Prewar, regional fears that there would be only one transcontinental line were rapidly disappearing. For starters, with almost lightning speed in the weeks after Robert E. Lee’s surrender at Appomattox, Virginia, effectively ending the Civil War, there was a new breed of observer heading west. These were not the stalwart scientists of Colonel Abert’s Corps of Topographical Engineers but rather the vanguard of capitalism itself. These were people who either would bankroll the ventures or were in positions of political or media power to fan the fires and convince others to ante up for the cause.
No less a personage than Schuyler Colfax, ex-newspaperman from Indiana and lately Speaker of the U.S. House of Representatives, hopped a stagecoach with Samuel Bowles, a Massachusetts newspaper editor, and headed west. From the Missouri to Denver took less than five days. “It was a magnificent, uninterrupted stage ride of six hundred and fifty miles,” wrote Bowles, “much more endurable in its discomforts, much more exhilarating in its novelties, than I had anticipated.”

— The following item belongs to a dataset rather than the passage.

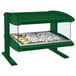 A green Hatco countertop food warmer with foil wrapped food on a shelf.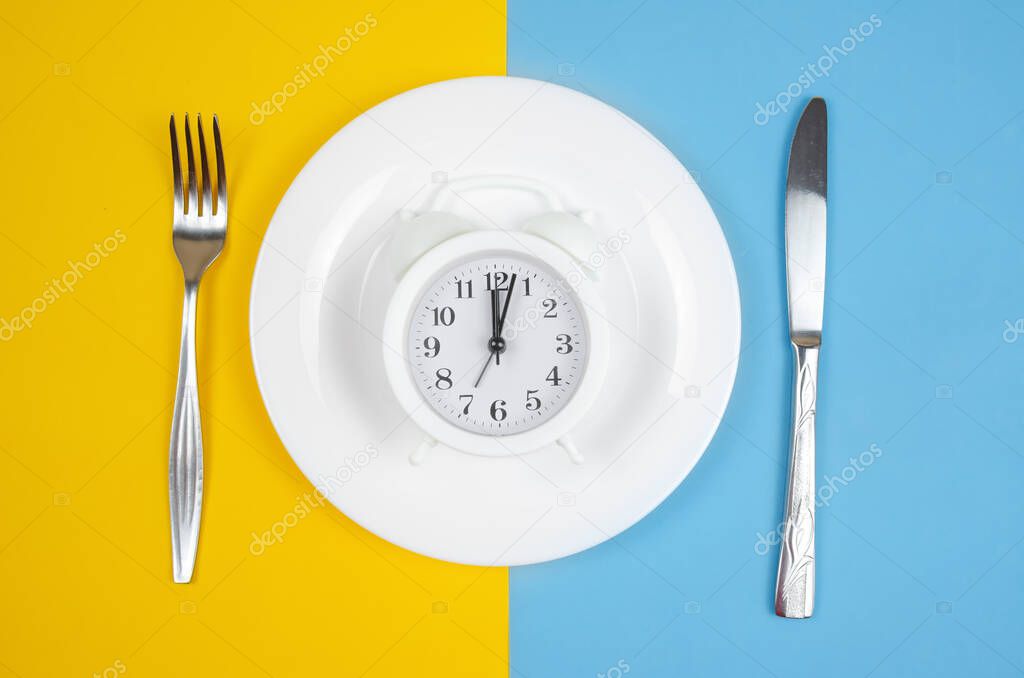white alarm clock lies on a round white plate with a fork and knife on the sides on a blue-yellow background, top view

Colfax, who would soon have Denver’s main east-west street named for him, was transfixed by the railroad possibilities. By the time the party reached Virginia City, Nevada, the ex-Speaker told a crowd, “I believe the Pacific Railroad to be a national and political and military necessity.”19
In the depths of civil war, Secretary of State William Seward had strenuously agreed. Long a proponent of a transcontinental railroad, Seward saw its importance to national unity: “When this [railroad] shall have been done, disunion will be rendered forever after impossible. There will be no fulcrum for the lever of treason to rest upon.”20
Indeed, the first transcontinental railroad and the competing lines that raced to network the rest of the West would become the very fulcrum upon which the settlement of half a continent was based and the sanctity of the Union made secure. With an interruption of war, railroads had come of age, and now, so too would the country.